> **Task brief**
Return every entry in full, with no alterations.

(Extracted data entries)
---

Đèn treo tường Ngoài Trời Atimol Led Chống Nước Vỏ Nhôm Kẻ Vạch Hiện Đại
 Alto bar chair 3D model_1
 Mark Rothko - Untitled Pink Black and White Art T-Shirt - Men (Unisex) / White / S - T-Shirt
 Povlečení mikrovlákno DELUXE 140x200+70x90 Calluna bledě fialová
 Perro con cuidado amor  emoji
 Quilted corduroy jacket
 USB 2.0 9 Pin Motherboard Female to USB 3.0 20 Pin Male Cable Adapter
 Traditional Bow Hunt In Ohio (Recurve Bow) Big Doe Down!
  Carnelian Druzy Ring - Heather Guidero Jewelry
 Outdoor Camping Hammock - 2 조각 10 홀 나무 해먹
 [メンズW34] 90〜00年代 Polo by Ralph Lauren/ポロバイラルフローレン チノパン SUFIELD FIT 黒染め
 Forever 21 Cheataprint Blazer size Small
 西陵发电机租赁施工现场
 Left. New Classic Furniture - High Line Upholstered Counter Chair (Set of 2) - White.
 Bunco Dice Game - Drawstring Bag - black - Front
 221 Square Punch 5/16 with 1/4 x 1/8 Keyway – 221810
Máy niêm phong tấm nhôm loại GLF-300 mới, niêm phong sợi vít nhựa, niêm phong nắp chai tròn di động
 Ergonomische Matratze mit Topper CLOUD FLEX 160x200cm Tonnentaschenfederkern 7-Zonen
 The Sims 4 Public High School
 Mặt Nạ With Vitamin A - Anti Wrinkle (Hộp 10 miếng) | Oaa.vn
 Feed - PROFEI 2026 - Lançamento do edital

---

> **Response to the exercise**
Đèn treo tường Ngoài Trời Atimol Led Chống Nước Vỏ Nhôm Kẻ Vạch Hiện Đại
 Alto bar chair 3D model_1
 Mark Rothko - Untitled Pink Black and White Art T-Shirt - Men (Unisex) / White / S - T-Shirt
 Povlečení mikrovlákno DELUXE 140x200+70x90 Calluna bledě fialová
 Perro con cuidado amor  emoji
 Quilted corduroy jacket
 USB 2.0 9 Pin Motherboard Female to USB 3.0 20 Pin Male Cable Adapter
 Traditional Bow Hunt In Ohio (Recurve Bow) Big Doe Down!
  Carnelian Druzy Ring - Heather Guidero Jewelry
 Outdoor Camping Hammock - 2 조각 10 홀 나무 해먹
 [メンズW34] 90〜00年代 Polo by Ralph Lauren/ポロバイラルフローレン チノパン SUFIELD FIT 黒染め
 Forever 21 Cheataprint Blazer size Small
 西陵发电机租赁施工现场
 Left. New Classic Furniture - High Line Upholstered Counter Chair (Set of 2) - White.
 Bunco Dice Game - Drawstring Bag - black - Front
 221 Square Punch 5/16 with 1/4 x 1/8 Keyway – 221810
Máy niêm phong tấm nhôm loại GLF-300 mới, niêm phong sợi vít nhựa, niêm phong nắp chai tròn di động
 Ergonomische Matratze mit Topper CLOUD FLEX 160x200cm Tonnentaschenfederkern 7-Zonen
 The Sims 4 Public High School
 Mặt Nạ With Vitamin A - Anti Wrinkle (Hộp 10 miếng) | Oaa.vn
 Feed - PROFEI 2026 - Lançamento do edital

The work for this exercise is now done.